**YOUR INSTRUCTIONS:** Among the entries below, copy only the span from the line containing "Portret van een" through the line containing "Close-Up DJ Setup". Do so exactly, and skip the pictures.

**LISTED RECORDS:**

==============================

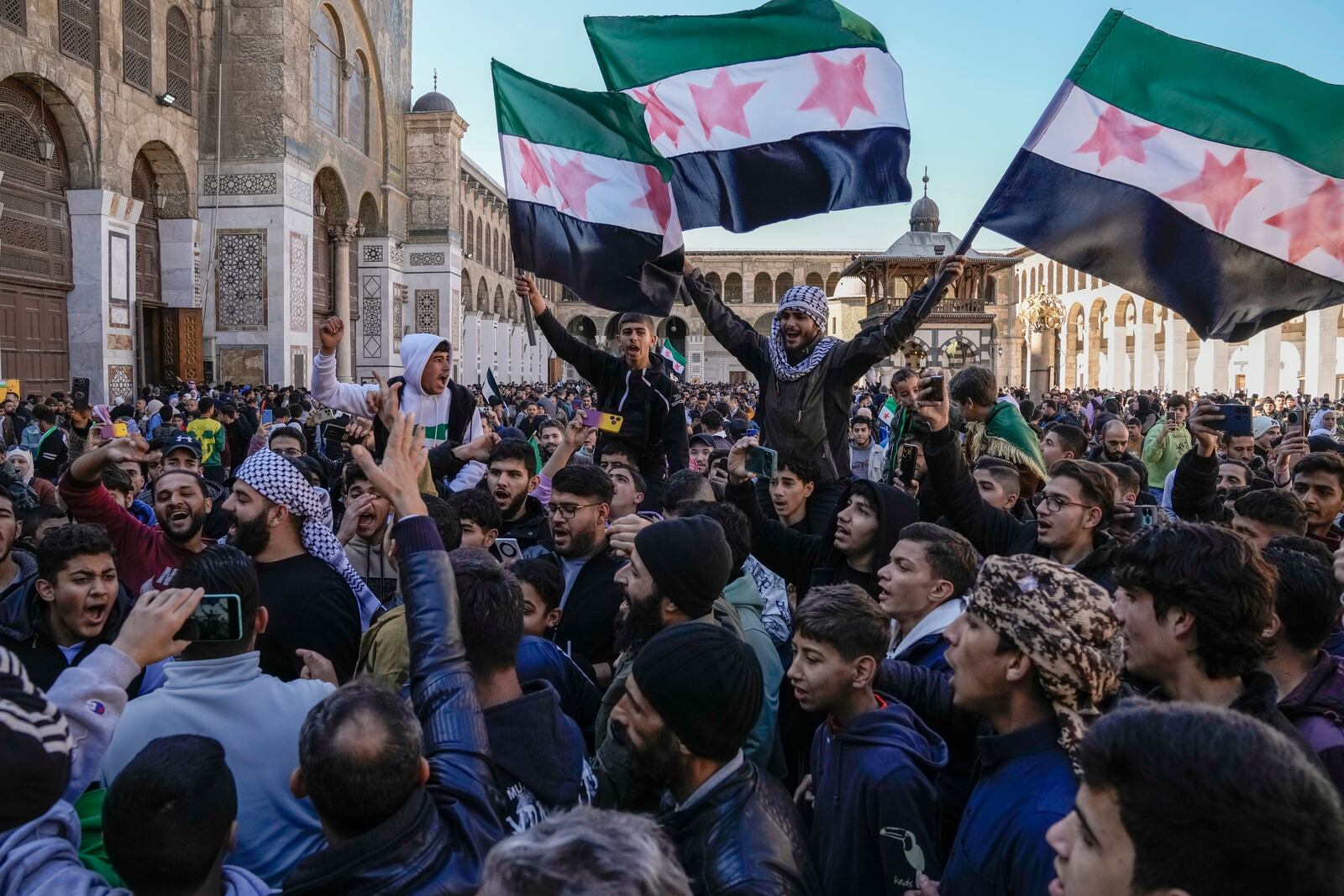 FILE - People chant slogans and wave the new Syrian flag as they gather for Friday prayers at the Umayyad mosque in Damascus, Syria, on Dec. 13, 2024. (AP Photo/Leo Correa, File)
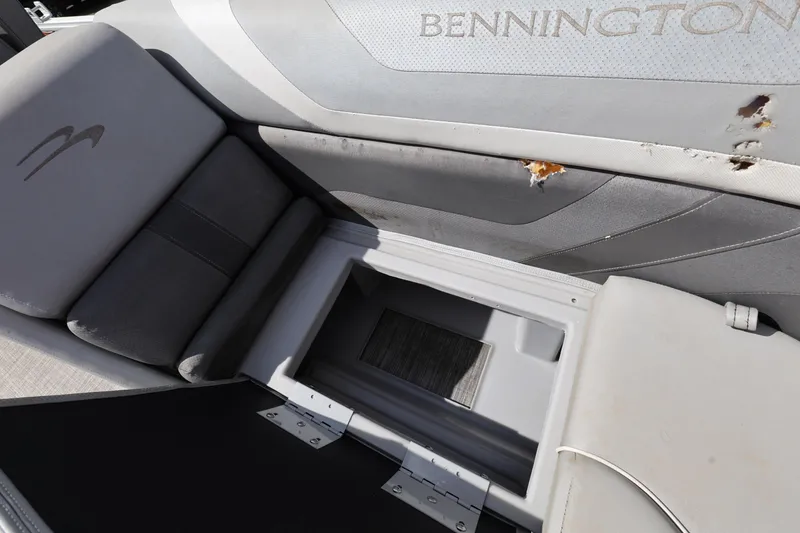 Slide: The Image of 2020 Bennington SX 22 SSRX boat interior with damaged upholstery and storage compartment. - 18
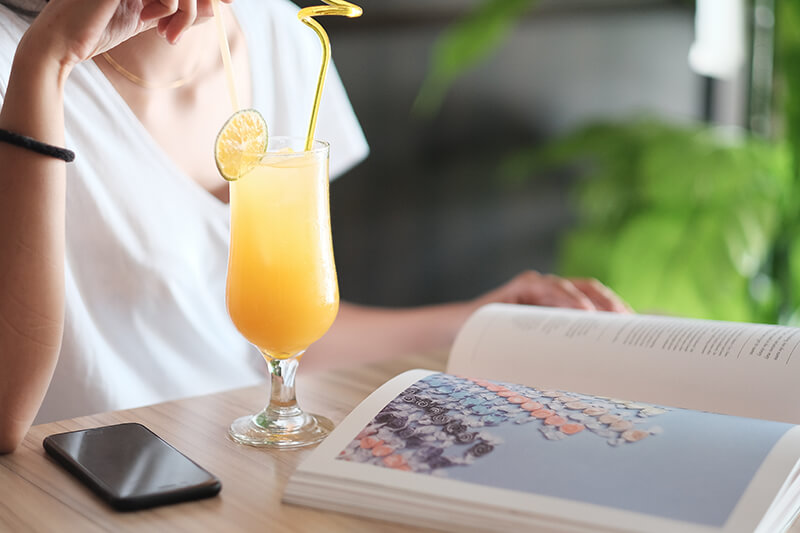 photo of a mimosa and a woman's torso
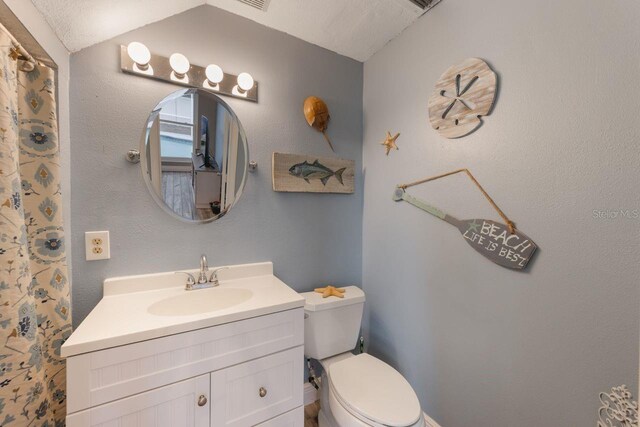 bathroom with toilet, lofted ceiling, and vanity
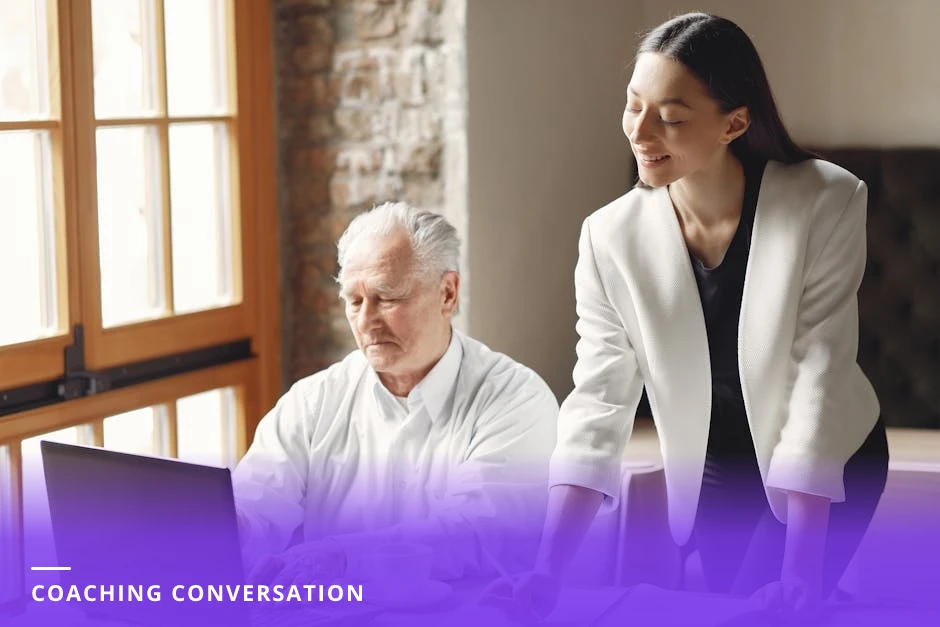Coach and client leaning over a notebook at a modern cafe table, engaged in a focused conversation with coffee and a phone on the table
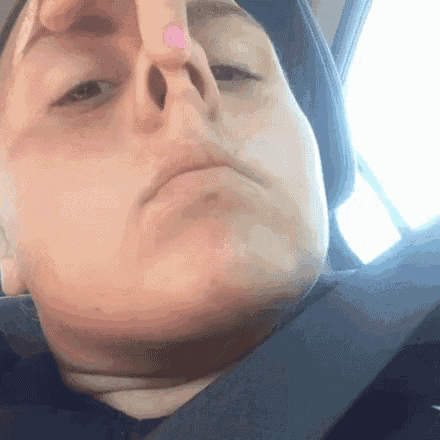 a close up of a person 's nose with a pink nail polish .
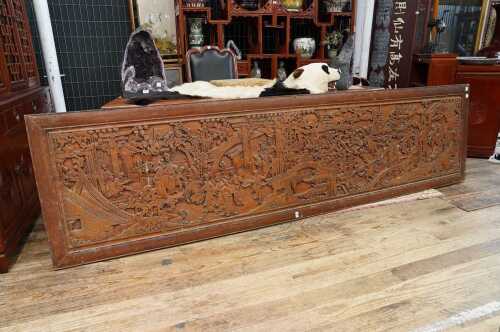 A large Oriental carved timber panel
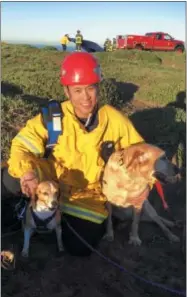  ?? SAN FRANCISCO FIRE DEPARTMENT VIA AP ?? In this photo provided by the San Francisco Fire Department, firefighte­r and paramedic Art Julaton poses with a pair of dog’s that he helped rescue from a cliff, Friday in San Francisco. It’s usually cats in trees that need a firefighte­r’s help but not...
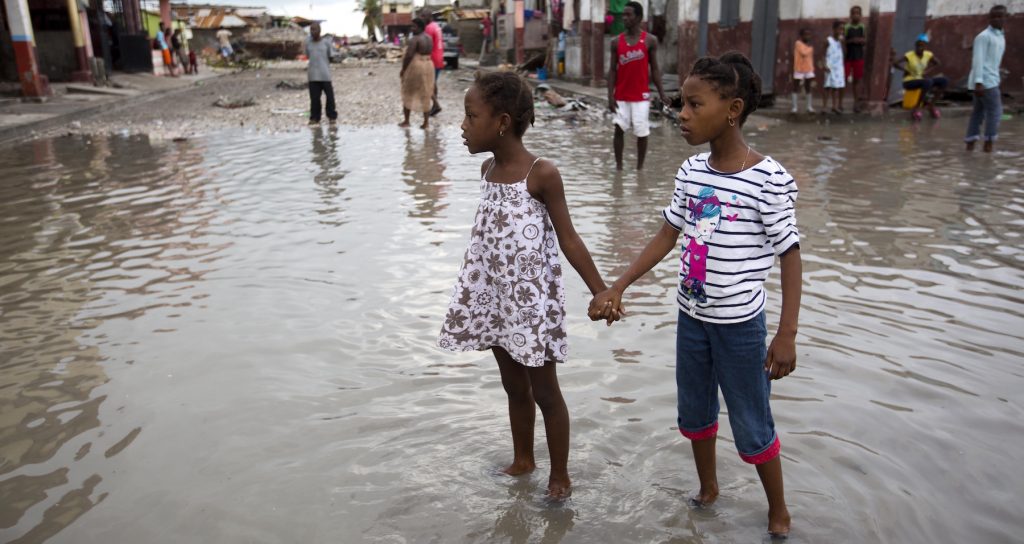 Two young girls stand holding hands in a flooded street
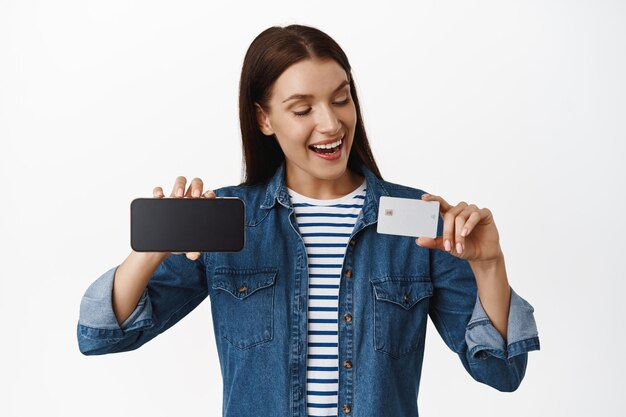 Portret van een gelukkige vrouwelijke klant, met creditcard, horizontaal smartphonescherm, tevreden kijkend naar korting, online winkelen, staande tegen een witte achtergrond.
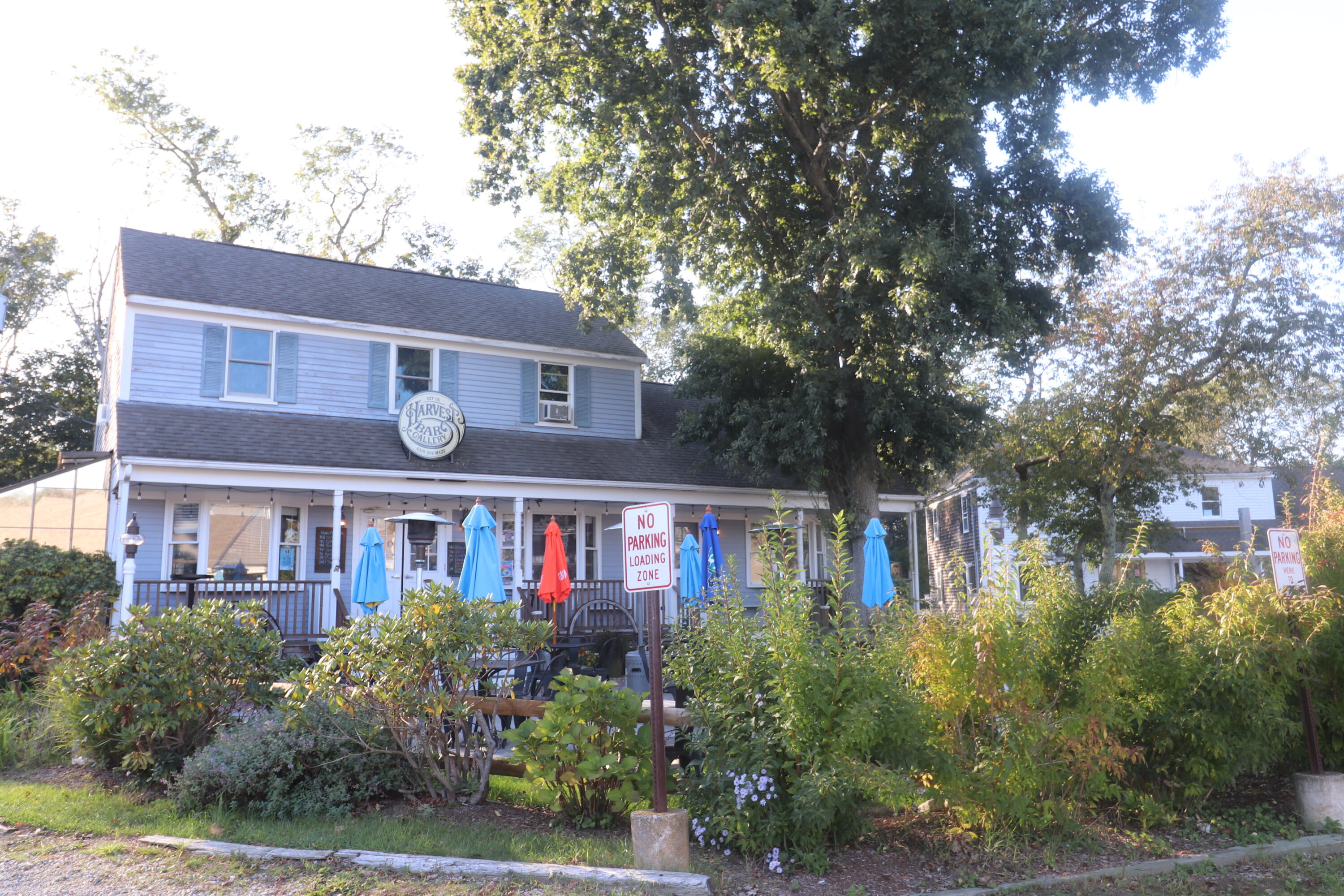 6 Old Hills Road Dennis, MA 02638 - Photo 42 of 45 a front view of a residential apartment building with a yard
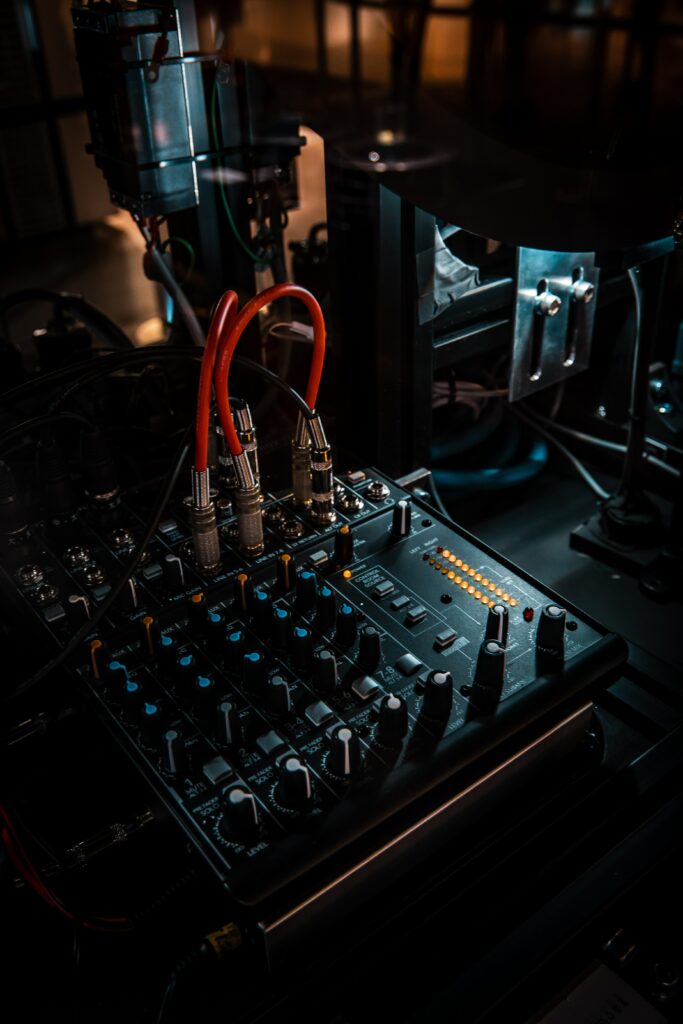 Close-Up DJ Setup Wallpaper: Sophisticated Mixing Console & Equipment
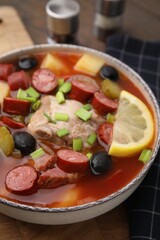 Meat solyanka soup with thin dry smoked sausages in bowl on wooden board, closeup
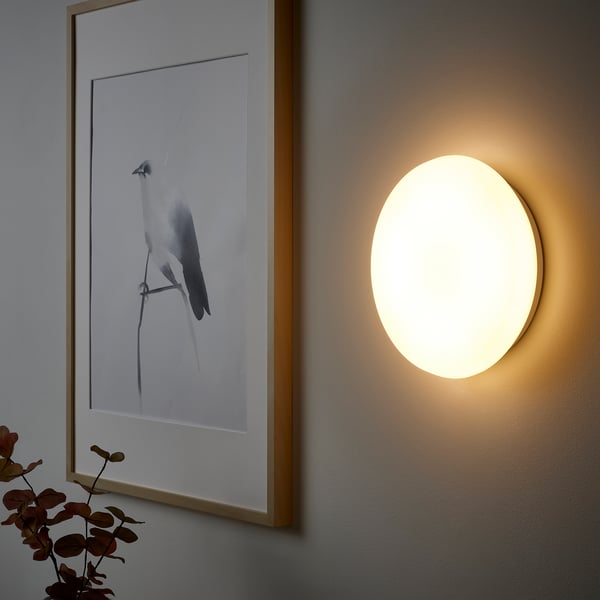 A round, wall-mounted light fixture emitting warm-white light, part of IKEAs smart lighting system.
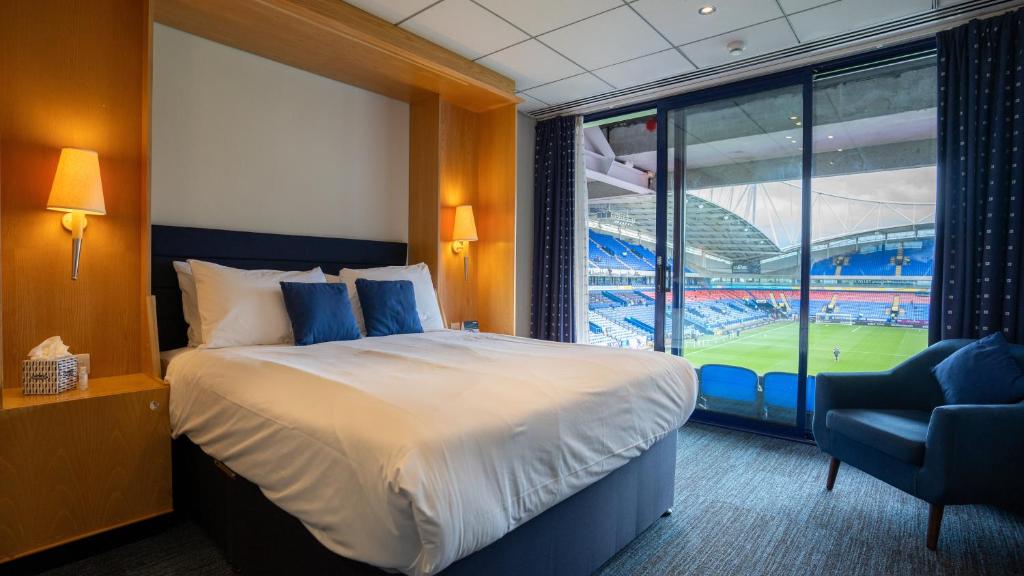 Modern hotel room with stadium view through floor-to-ceiling windows — quality Touchline tour accommodation
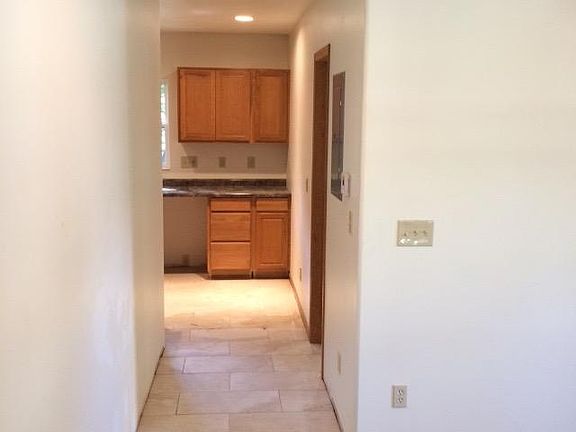 Living room looking into kitchen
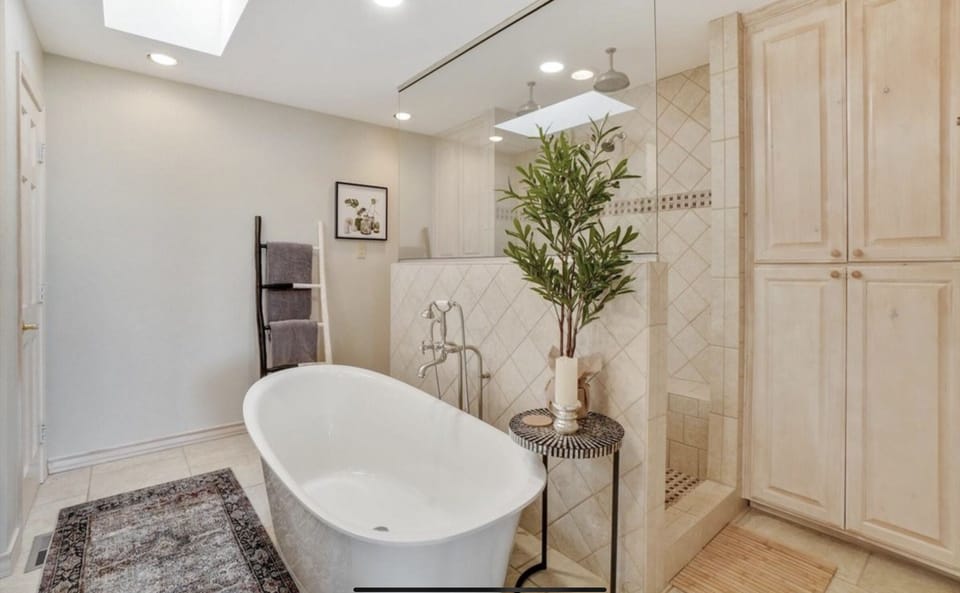 Bathroom off primary bedroom, triple-headed shower, soaking tub, dual sinks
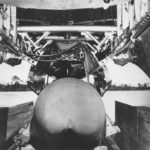 Loading 5400 kg (12,000 lb) US Tallboy bomb on B-29 Marianas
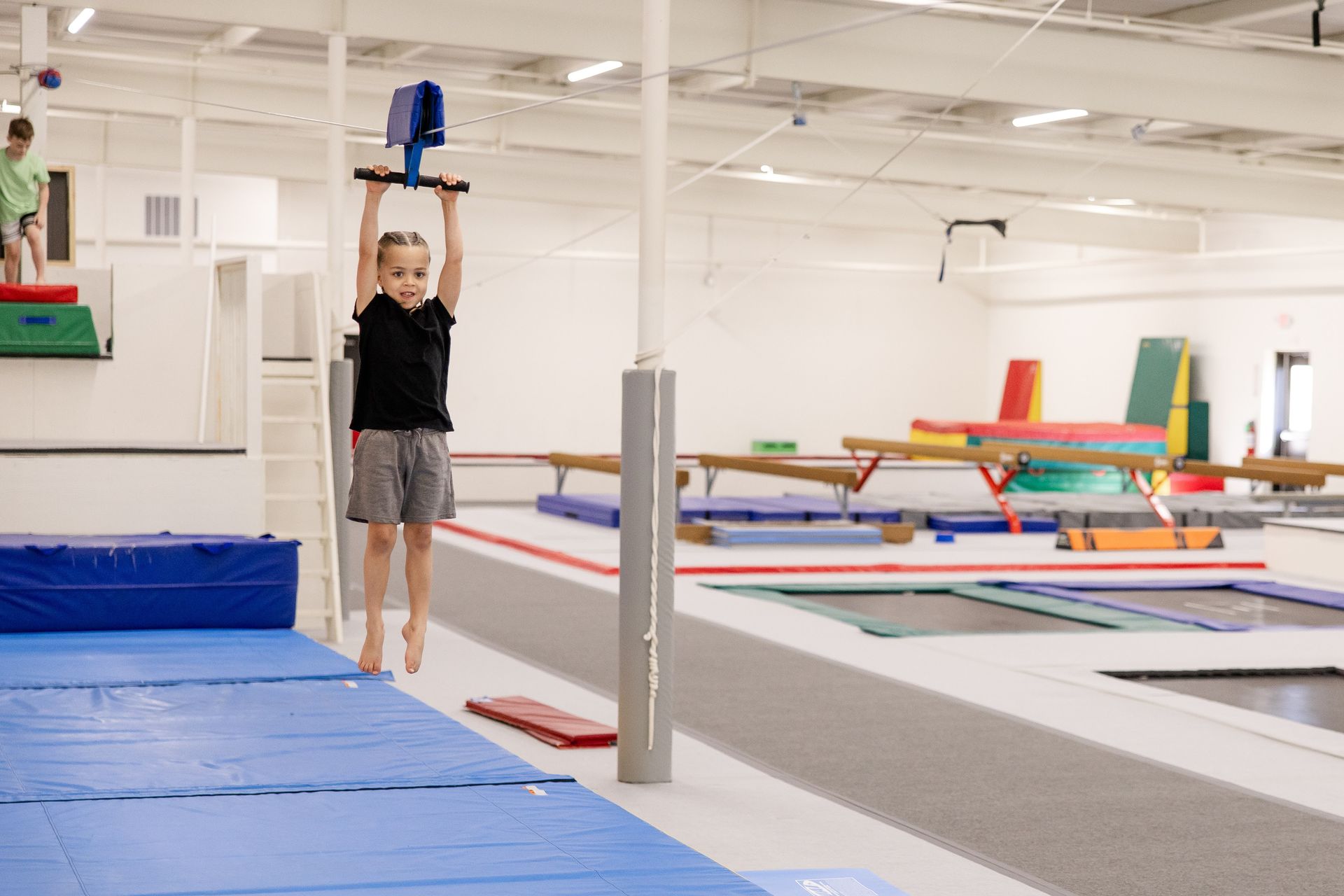 Person holding a blue object above their head in a gym with mats and trampolines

==============================

**ANSWER BOX:**
 Portret van een gelukkige vrouwelijke klant, met creditcard, horizontaal smartphonescherm, tevreden kijkend naar korting, online winkelen, staande tegen een witte achtergrond.
 6 Old Hills Road Dennis, MA 02638 - Photo 42 of 45 a front view of a residential apartment building with a yard
 Close-Up DJ Setup Wallpaper: Sophisticated Mixing Console & Equipment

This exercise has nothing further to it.